■ WHAT IS BEING ASKED: Nothing in the records below should be altered in the copy, although the pictures must be left out.

□ □ □ □

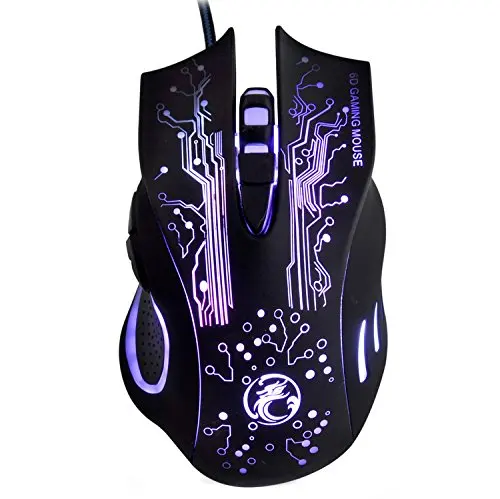 X9 3200DPI E-Sports Wired Gaming Mouse LED Optical 6D Mute USB For PC Computer Laptop - 图片 3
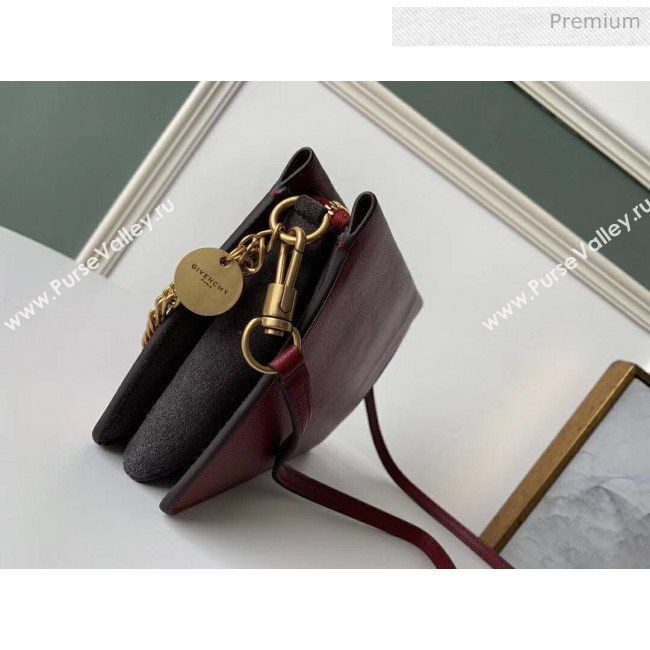 Givenchy Cross 3 Goat Skin Shoulder Bag Red (YS-r4218536155)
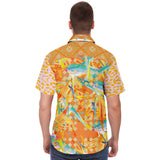 Coral Gables S/S Button Down Shirt Short Sleeve Button Down Shirt - AOP - Thathoodyshop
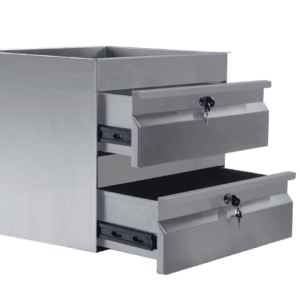 Simply Stainless 2 x Stainless Steel Drawers 125mm deep (SS19 Series)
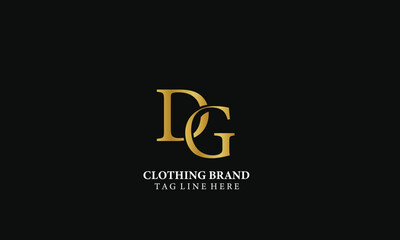 dg logo , clothing logo, letter logo, gold logo,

□ □ □ □

■ FINAL ANSWER:
 X9 3200DPI E-Sports Wired Gaming Mouse LED Optical 6D Mute USB For PC Computer Laptop - 图片 3
 Givenchy Cross 3 Goat Skin Shoulder Bag Red (YS-r4218536155)
 Coral Gables S/S Button Down Shirt Short Sleeve Button Down Shirt - AOP - Thathoodyshop
 Simply Stainless 2 x Stainless Steel Drawers 125mm deep (SS19 Series)
 dg logo , clothing logo, letter logo, gold logo,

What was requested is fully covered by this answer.